Detentora das maiores reservas comprovadas de petróleo do mundo, a Venezuela viu sua indústria energética se deteriorar ao longo da última década, marcada por sanções internacionais, falta de investimentos, colapso operacional e perda de capacidade técnica. A mudança abrupta no comando político reabre o debate sobre a possibilidade de reconstrução do setor e sua reintegração gradual ao mercado global de energia.
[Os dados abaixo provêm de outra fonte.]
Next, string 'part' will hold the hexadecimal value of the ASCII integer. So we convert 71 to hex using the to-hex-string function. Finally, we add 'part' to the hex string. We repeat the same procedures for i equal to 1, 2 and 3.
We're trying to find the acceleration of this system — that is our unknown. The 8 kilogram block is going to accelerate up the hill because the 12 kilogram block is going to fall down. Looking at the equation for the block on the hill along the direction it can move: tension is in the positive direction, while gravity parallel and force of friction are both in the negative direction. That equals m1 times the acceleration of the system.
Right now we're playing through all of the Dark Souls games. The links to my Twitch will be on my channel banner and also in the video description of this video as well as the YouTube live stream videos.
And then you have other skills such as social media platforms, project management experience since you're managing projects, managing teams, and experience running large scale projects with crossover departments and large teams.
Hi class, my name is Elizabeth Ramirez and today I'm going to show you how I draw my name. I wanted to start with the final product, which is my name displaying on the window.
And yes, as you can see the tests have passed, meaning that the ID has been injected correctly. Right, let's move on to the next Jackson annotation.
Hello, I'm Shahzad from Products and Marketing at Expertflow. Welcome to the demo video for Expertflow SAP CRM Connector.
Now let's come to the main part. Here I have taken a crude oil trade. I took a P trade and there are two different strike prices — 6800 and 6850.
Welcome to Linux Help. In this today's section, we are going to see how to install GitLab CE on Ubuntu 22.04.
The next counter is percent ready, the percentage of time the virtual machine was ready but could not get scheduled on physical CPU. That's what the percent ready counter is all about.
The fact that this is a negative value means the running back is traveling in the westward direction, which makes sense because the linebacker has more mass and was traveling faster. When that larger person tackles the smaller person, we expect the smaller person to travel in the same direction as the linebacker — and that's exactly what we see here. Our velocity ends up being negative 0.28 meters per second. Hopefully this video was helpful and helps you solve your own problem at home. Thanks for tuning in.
Para parte do mercado, o momento vai além de uma crise geopolítica pontual. Charles Myers, presidente da Signum Global Advisors, afirmou que a Venezuela pode se transformar em um dos maiores projetos de reconstrução de infraestrutura da próxima década. Em entrevista ao programa Squawk on the Street, da CNBC, Myers estimou que os investimentos no país podem alcançar até US$ 500 bilhões nos próximos dez anos, abrangendo setores como energia, logística, telecomunicações, transporte e serviços básicos.
Apesar do otimismo de longo prazo, analistas destacam que qualquer retomada significativa da produção petrolífera exigirá tempo, estabilidade institucional e segurança jurídica. A infraestrutura existente encontra-se amplamente degradada, e a recuperação da capacidade produtiva dependerá não apenas de capital externo, mas também de reformas profundas na governança do setor energético.
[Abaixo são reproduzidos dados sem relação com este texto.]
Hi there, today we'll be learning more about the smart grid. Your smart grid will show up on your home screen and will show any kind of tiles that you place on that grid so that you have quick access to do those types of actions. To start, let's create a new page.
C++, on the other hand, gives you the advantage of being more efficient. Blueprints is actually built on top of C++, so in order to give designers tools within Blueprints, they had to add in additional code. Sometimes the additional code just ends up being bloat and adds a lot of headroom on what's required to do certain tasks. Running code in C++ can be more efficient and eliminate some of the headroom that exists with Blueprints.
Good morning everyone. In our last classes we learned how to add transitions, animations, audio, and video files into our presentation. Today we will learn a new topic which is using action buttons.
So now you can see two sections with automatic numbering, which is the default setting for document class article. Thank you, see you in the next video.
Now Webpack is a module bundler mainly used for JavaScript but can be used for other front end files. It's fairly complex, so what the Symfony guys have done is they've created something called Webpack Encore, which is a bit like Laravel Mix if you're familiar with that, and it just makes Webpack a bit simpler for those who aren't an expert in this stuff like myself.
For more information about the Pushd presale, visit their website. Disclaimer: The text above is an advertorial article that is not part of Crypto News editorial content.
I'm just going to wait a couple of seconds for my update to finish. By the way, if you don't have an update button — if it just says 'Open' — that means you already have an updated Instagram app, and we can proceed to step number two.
No curto prazo, o mercado segue cauteloso. O petróleo venezuelano voltou ao radar estratégico global, mas a materialização de oportunidades dependerá da consolidação do novo cenário político, da definição de regras claras para investidores e da capacidade do país de reconstruir suas instituições. Até lá, o potencial da Venezuela permanece mais como uma promessa de longo prazo do que como uma solução imediata para o mercado internacional de energia.